Вещь эта, вообще-то уникальная, потому что русский — третий европейский язык, на который перевели “Молот ведьм” с латинского. Было это давно, еще в 1930-х (да, в советское время разрешили и выделили деньги на перевод Malleus Maleficārum, которым занялся Николай Цветков), а в 2023 вышло новое здание с комментариями и добавлениями историка-медиевиста Григория Бакуса. Чтиво не самое легкое, но очень уж под настроение середины осени подходит. И тут в дополнение попадается на глаза статья LitHub о Салемском процессе над ведьмами. Оригинал тут, ниже — мой перевод.

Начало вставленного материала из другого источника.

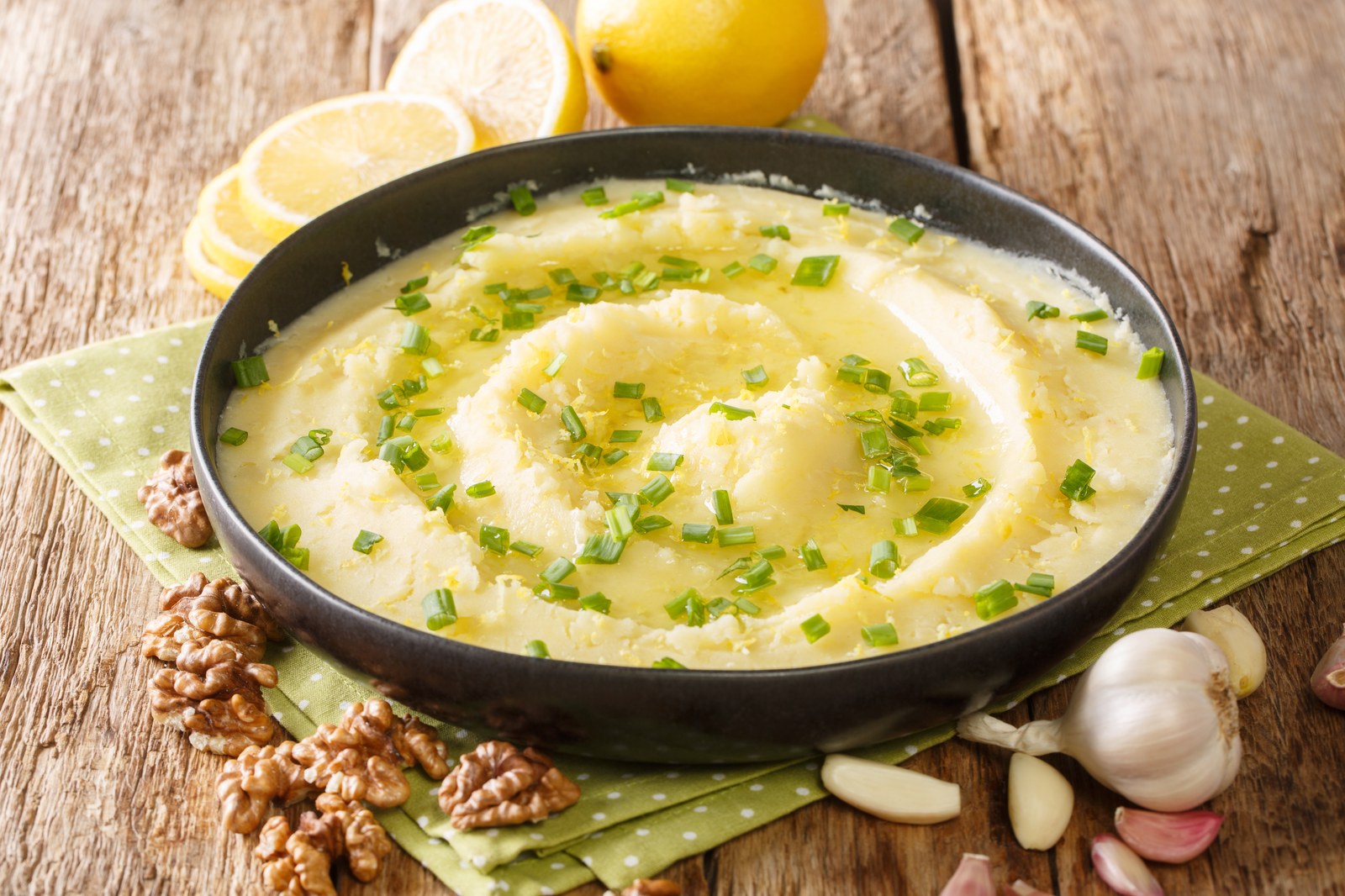Dark bowl filled with smooth white garlic potato dip drizzled with olive oil and topped with fresh chives, with lemon slices, garlic cloves, and walnuts arranged around it
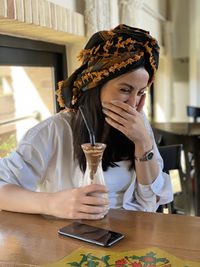 Portrait of young woman sitting on table laughing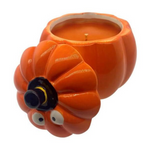 The Ceramic Orange Halloween Pumpkin Candle w/ Hat Lid is a pumpkin-shaped ceramic container with googly eyes, featuring an orange fall-scented candle inside.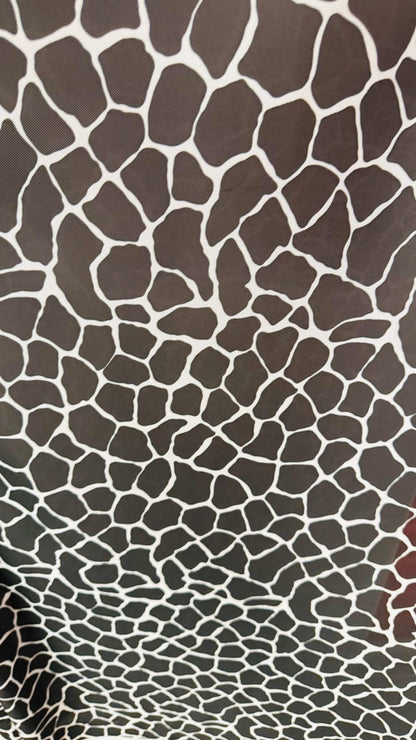 Giraffe design print on power mesh 4-way stretch 58/60” Sold by the YD. Ships Worldwide from Los Angeles California USA.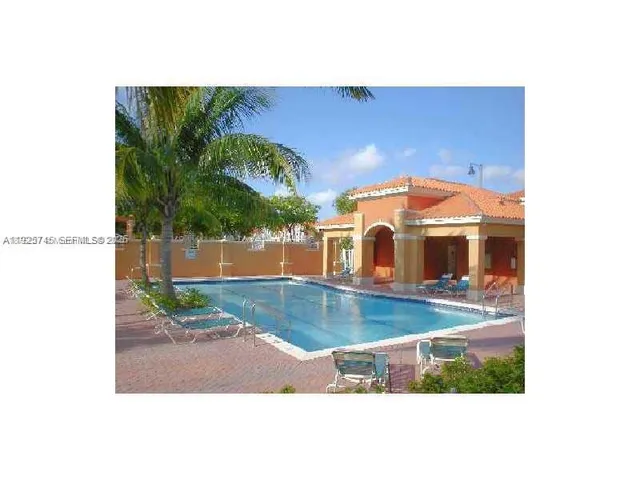 a view of a swimming pool with an outdoor seating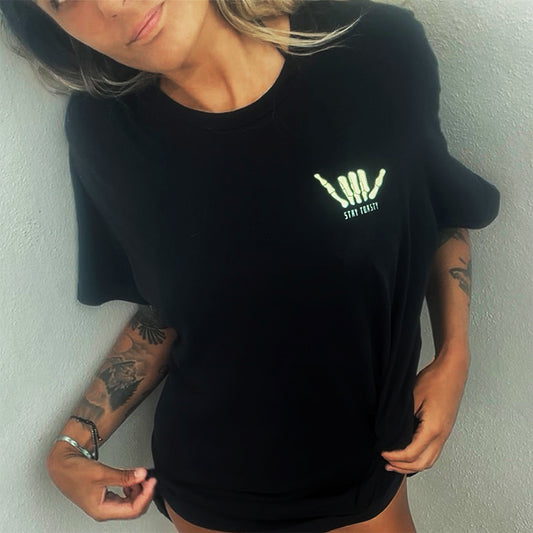 Woman wearing a black oversized T-shirt with yellow skeleton shaka graphic and ‘Stay Toasty’ text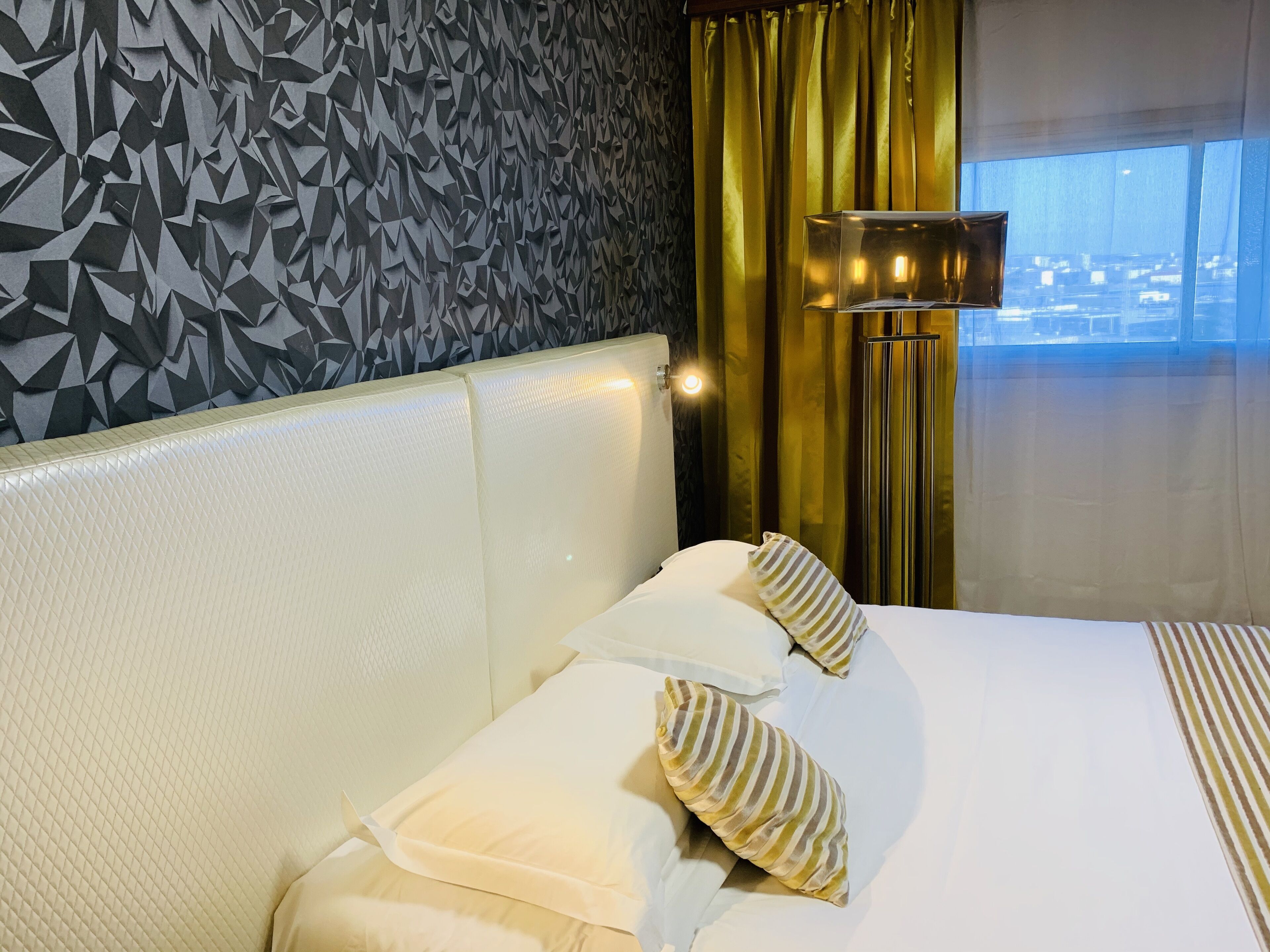 Una habitación de hotel con una pared de diseño geométrico, un ventanal con cortinas y una cama con almohadones a rayas.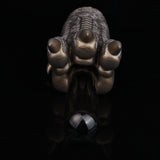 Bronze textured monster paw face with three rounded claws and black connector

В начале 1692 года у небольшой группы девочек в городке Салем-Виллидж в штате Массачусетс начались загадочные припадки — конвульсии, крики, разбрасывание вещей. Молитва от симптомов не избавила, и тогда местный врач заявил, что они, должно быть, страдают от «злой руки», то есть колдовства. Вскоре девушки назвали имена трех женщин, которых обвиняли в ведьмовстве — так всерьез началась охота на ведьм. В последующие месяцы более 150 человек были обвинены в колдовстве. 27 мая губернатор Уильям Фипс учредил специальный суд для рассмотрения обвинений; первой женщиной, представшей перед судом, стала Бриджит Бишоп, которую быстро осудили и повесили уже 10 июня; еще пятерых повесили в июле; следующих пятерых — в августе. 22 сентября 1692 года казнили последних восьмерых.

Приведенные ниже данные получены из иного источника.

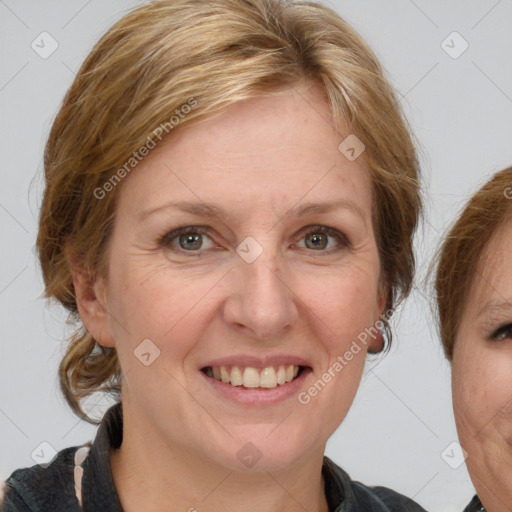 Joyful white adult female with medium  brown hair and grey eyes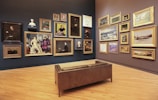 A gallery room with wooden flooring and walls displaying an eclectic collection of framed artworks, ranging from portraits to landscapes. Multiple paintings in ornate gold frames are hung on two adjacent walls, accompanied by a few sculpted busts. In the center of the room, there is a brown leather bench providing a viewing spot for visitors.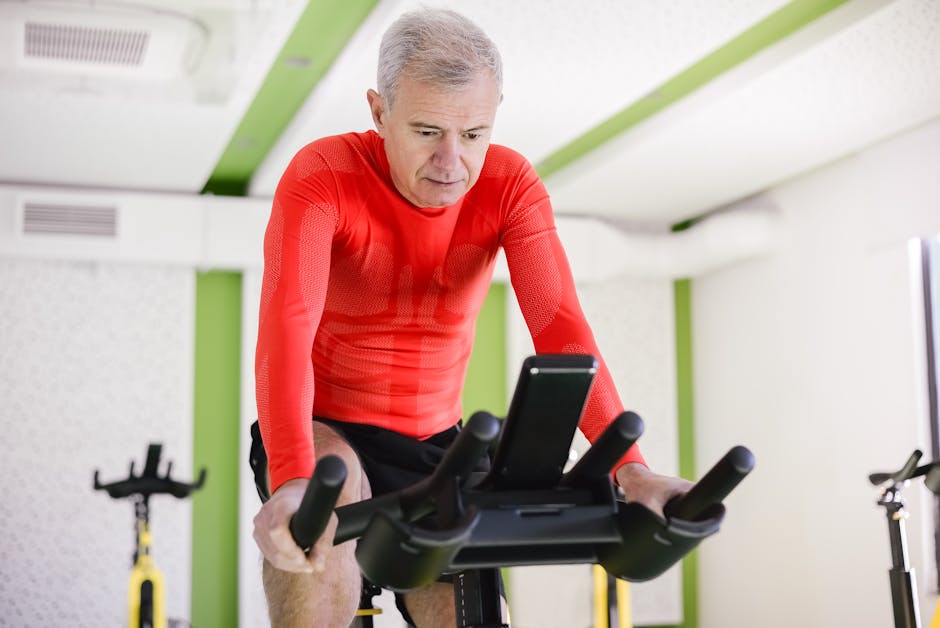 Senior man in red activewear exercising on stationary bike indoors, promoting healthy lifestyle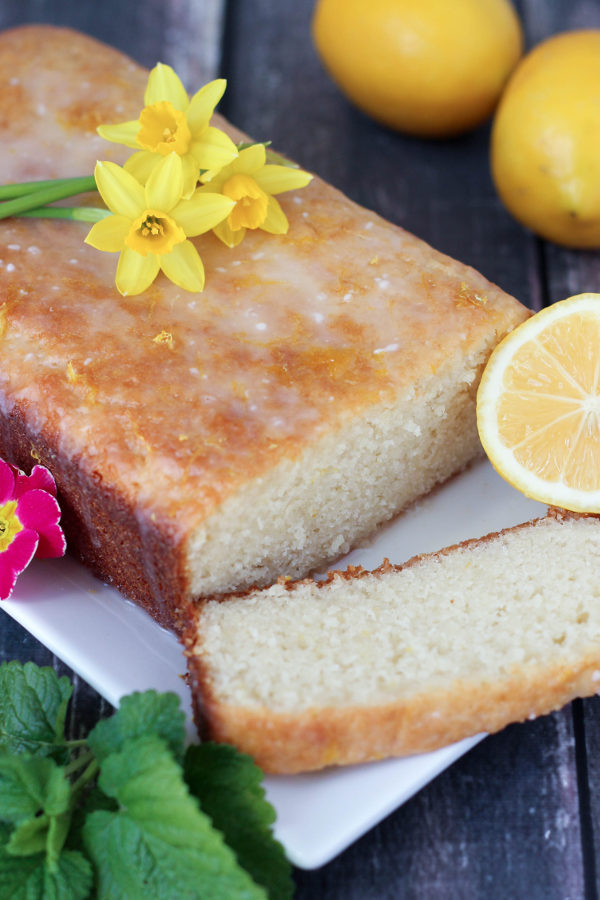 This drizzled lemon loaf is on a white plate. Fairy daffadills are on top and lemons and lemon balm garnish the loaf.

А к октябрю Фипс вдруг изменил свое мнение о судебных процессах (связано это было, вероятно, с тем, что его собственную жену тоже обвинили в ведьмовстве). Сначала он объявил, что «призрачные доказательства» (то есть сны и тому подобные) больше не являются достаточными для осуждения кого-либо, а после постановил, что ведьм нельзя арестовывать, и освободил большинство из тех, кто в тот момент сидел в тюрьме.
Конечно же, то был не конец, ни в деле, ни в коллективном литературном воображении.

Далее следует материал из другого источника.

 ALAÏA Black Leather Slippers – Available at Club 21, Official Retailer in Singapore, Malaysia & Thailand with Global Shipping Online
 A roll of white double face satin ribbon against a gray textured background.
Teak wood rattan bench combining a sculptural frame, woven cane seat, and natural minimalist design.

«В 1692 году в колонии Массачусетского залива за колдовство казнили четырнадцать женщин, пятерых мужчин и двух собак», — пишет писательница и историк Стейси Шифф. — «Колдовство появилось в январе. Первая казнь через повешение произошла в июне, последняя – в сентябре. Далее последовало полное глухое молчание. Тех, кто перенес это тяжелое испытание, смущало не столько хитрое колдовство, сколько неуклюжая организация правосудия. Невиновных повесили. Виновные суда избежали. Клятву никогда об этом не забывать никто не давал; вместо этого самой подходящей реакцией было предать эти девять месяцев забвению. И так было на протяжении целого поколения. С тех пор мы воскрешаем в памяти Салем — наш национальный кошмар, сырую, но переспелую бульварную статью, антиутопическую главу из нашего прошлого. Она потрескивает, мерцает и прокладывает себе путь сквозь американскую историю и литературу».